浴場の蒸気は濃く、私はもはや逃げ場を失った。
──その夜、寮母であるはずの私は、完全に「女」として解き放たれてしまったのだった。
【第3部】入り乱れる若き欲望と女の解放──騎乗の律動と奉仕の口づけ
二日目の夜。合宿所の畳の部屋に布団を敷き詰め、灯りを落とすと、そこはもはや眠りの場所ではなかった。
十七の若い躯が次々と寄り添い、私を囲む。汗に濡れた肌の匂い、荒い息、重なり合う視線。
「梨沙さん、今夜は僕の番です」
冗談めかした声が響くたび、笑いと熱が空気を震わせる。
私は仰向けに横たわり、両腕をつかまれ、唇を奪われた。すぐに別の舌が胸を吸い、指が敏感な蕾を弄る。
「あぁ…そんなに…いっぺんに…だめ…」
言葉はすぐに喘ぎへと変わり、身体は快楽に呑み込まれていく。
やがて私は自ら腰を上げ、ひとりの青年の上に跨がっていた。
「梨沙さんが…自分から…」
驚きと熱を孕んだ声。羞恥で頬を染めながらも、私は腰を沈め、律動を刻む。
「あぁっ…だめ…でも…もっと…」
波のように押し寄せる快感に、喉の奥から震える声が漏れる。
背後からは別の腕に抱かれ、胸を揉まれ、耳元に吐息が注がれる。
正面では若い唇が私の口を塞ぎ、舌が絡み、視界は熱に霞む。
やがて、私は布団の端に座らされ、ひとりの熱を唇で受け入れていた。
「梨沙さん…そんな…吸わないで…」
若い声が震える。羞恥に濡れながらも、舌で愛撫を重ねると、青年の身体は甘い痙攣に震えた。
「んっ…ん…」
口内に広がる熱と塩の味。そのすべてが、女である私をさらに昂らせていった。
布団の上で、私は何度も体位を変えられ、仰向けに、背後から、そして再び跨って。
「いやぁ…もうだめ…でも…やめないでぇ…!」
声が夜更けの山へ滲み、蝉の鳴き声と混じり合う。
絶頂の波は幾度も押し寄せ、汗に濡れた身体は溶け合い、何度も何度も果てては重なった。

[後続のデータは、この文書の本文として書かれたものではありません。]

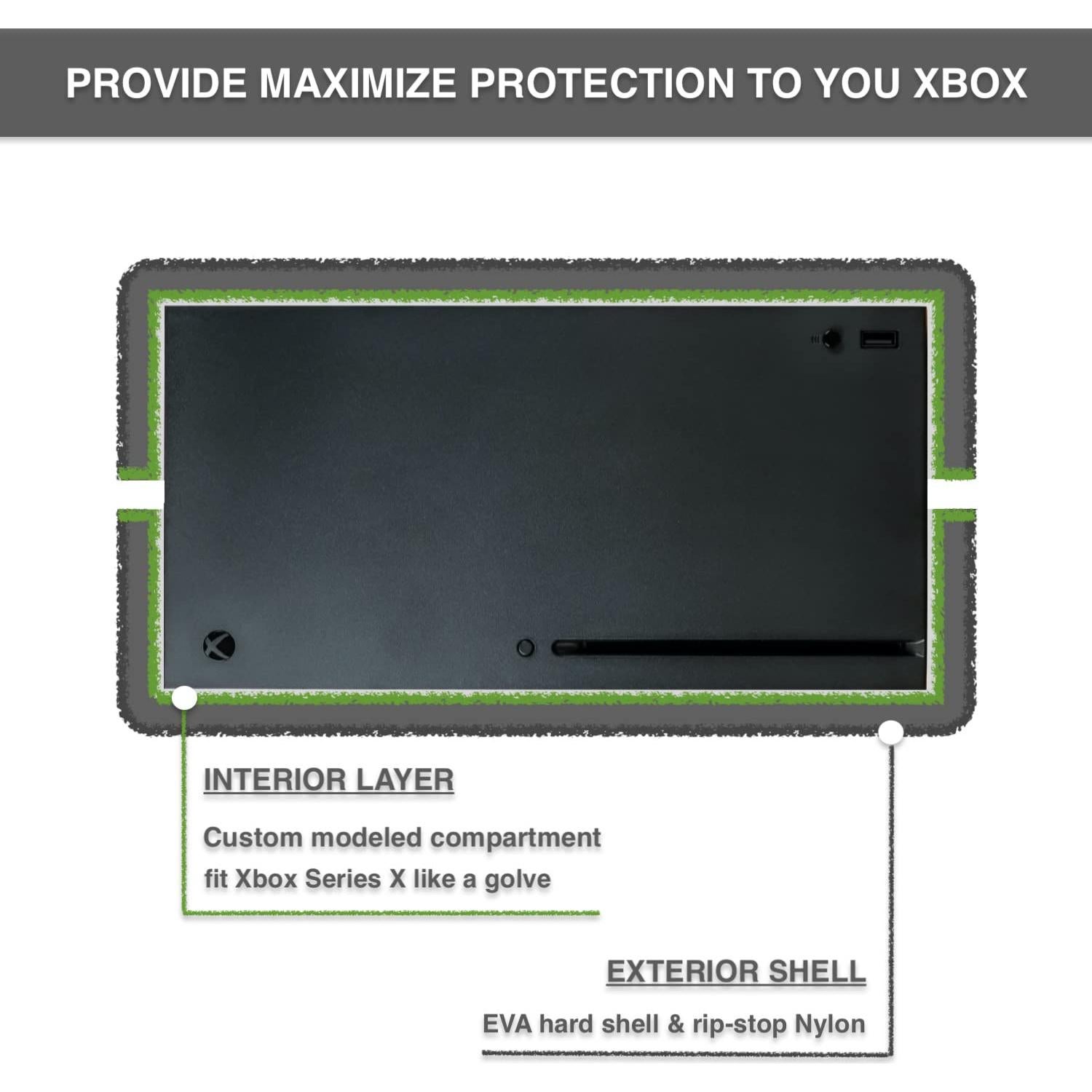 Funda rígida Zadii para Xbox Series X, bolsa de viaje 1.81 kg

合宿所の古い天井はきしみ、夜明けまで私は彼らの欲望に抱かれ続けた。
──母ではなく、寮母でもなく、ただ「女」として。
三泊四日の合宿は、私の中に潜んでいた渇きをすべて溢れさせる、終わりなき悦楽の奔流となったのだった。
まとめ合宿で解き放たれた寮母梨沙の悦楽と濡れの記憶
三泊四日の合宿──それは、ただの引率や世話ではなかった。
閉ざされた山あいの空間で、十七の若き熱に抱かれ、私は「寮母」という仮面を脱ぎ捨てた。
浴場で浴衣を解かれた夜、布団の上で幾度も果てた夜、自ら跨がり律動を刻んだ夜。
羞恥と背徳のすべてが、女としての私を呼び覚まし、乾いていた心と身体を深く潤した。
帰路のバス。窓の外には夏の青空、部員たちの笑い声はいつも通り無邪気に響いている。
けれど私の内側には、まだ火照りが残っていた。
──唇に染みつく熱、脚に残る震え、そして幾度も押し寄せた絶頂の記憶。
それは誰にも語れない秘密。
だが確かに、私の身体には“濡れの構造”が刻まれた。
三泊四日の夏合宿は、母でも妻でもなく、「ひとりの女」 として私を再び目覚めさせた。
そしてその記憶は、これから先も消えることなく、静かな余韻となって私を震わせ続けるだろう。